A las cinco de la tarde, el Hércules de la Real Fuerza Aérea ZZ177 despegó de Edimburgo con el ataúd de la reina cubierto por la bandera real mientras la banda hacía sonar el tradicional “God Save the Queen”. Hasta los metales sonaron dolidos. Cerca de las siete, la nave aterrizó en la base militar de Northolt y quince minutos después partía hacia Buckingham.
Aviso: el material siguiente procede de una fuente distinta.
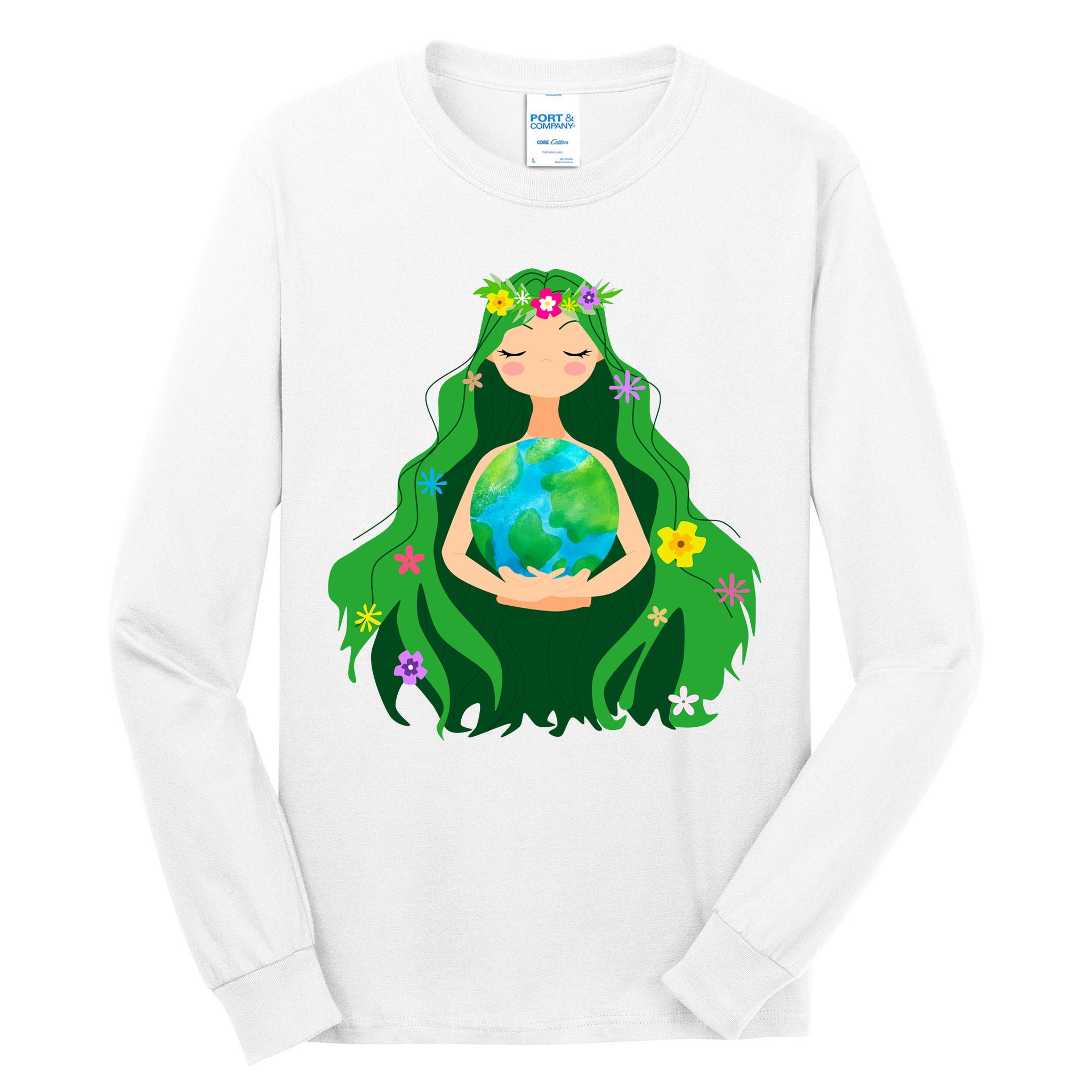 Flower Earth Mother Figure Cute Tall Long Sleeve T-Shirt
A la hora en que sonaba en Escocia el himno británico, cerca de Buckingham otra banda militar ensayaba una marcha fúnebre con aires beethovenianos, sólo aires. Para entonces el Mall que lleva desde el arco del almirantazgo al palacio estaba vacío y desbordado en sus costados por la policía y el Ejército, en espera del cortejo de la reina. Su había terminado la congoja y había llegado la seguridad. Picadilly Circus, la que fuera tierra de la aventura, el pecado, la droga, la creatividad y acaso la rebeldía, ya no lucía el cartel enlutado con la gran foto de la reina y la leyenda “Elizabeth II 1926 – 2022″. Algunos comercios sí exhibían una vidriera dedicada a expresar su doloroso asombro por la partida, entre ellos la de Smeg, esa empresa de electrodomésticos con nostalgias del futuro.
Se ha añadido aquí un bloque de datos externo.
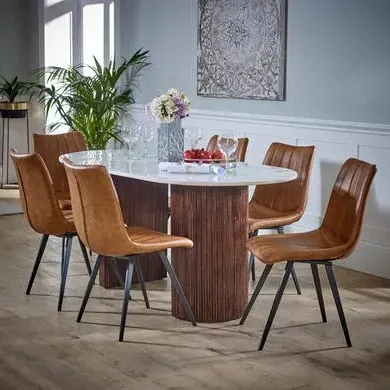Dining Table with Marble Top - Brown, Mango Wood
La seguridad, en cambio, era la de siempre. Un doble vallado metálico separaba la amplia avenida del Mall del resto de los mortales. Nadie podía acercarse al primer vallado, ni caminar sin zozobras siquiera cerca; las altas cabinas de televisión, desiertas, se alzaban más que para esperar el cortejo, para captar las imágenes que mañana marcarán la “procesión” desde Buckingham hasta Westminter Hall, donde el ataúd quedará expuesto por cuatro días a la veneración pública.
Pese a las restricciones, se había habilitado un circuito de acceso público a las puertas del Palacio y miles de personas lo recorrían ansiosas, muchas pisaban sin notarlo los “botones” de bronce que rinden homenaje a la princesa Diana Spencer, la primera mujer del hoy rey Charles III. De pronto cayó una lluvia con aires bíblicos que no disuadió a nadie, embarró a muchos y arruinó el deseo siempre inaudito de los cultores de la “selfiemanía”. El otoño acecha a Londres de la misma manera que escribió Evaristo Carriego, acechaba a su casa de Palermo: lluvioso, melancólico, callado.
Iluminado, en contraste con la oscuridad de la tarde que moría, el ataúd perfectamente visible desde el exterior, con el paso abierto por tres motocicletas, Isabel II recorrió por el centro de Londres su último viaje a casa, según la mujer de las flores amarillas que se llamaba Joan, rondaba la cincuentena y estaba conmovida. También lo estaban los cientos de personas que ayer detuvieron sus autos a la vera de las calles, salieron al exterior, aplaudieron, dieron vivas, o inclinaron la cabeza, o arrojaron flores, más flores a su paso, sin desbordes, sin fervores excesivos, sin fervores desatados, salvos algunos pocos aullidos entusiastas.
Y era verdad que Buckingham era la casa de la reina muerta. Allí vivió, allí siguió los dramas políticos y sociales a lo largo de setenta años. Allí, desde sus balcones, festejó el final de la Segunda Guerra y desde allí administró, con admirable maestría, la decadencia de un imperio; desde allí celebró el casamiento de sus hijos, el nacimiento de sus nietos y cada uno de sus cumpleaños.
A las ocho y cinco de la noche, el ataúd ingresó, ovacionado, a Palacio. Pasará la noche, la última noche de Isabel II en Buckingham, en el Bow Room, donde será velado en privado. Después llegará el adiós público y el lunes será sepultada junto a su marido en el castillo de Windsor. Será el final de un largo adiós.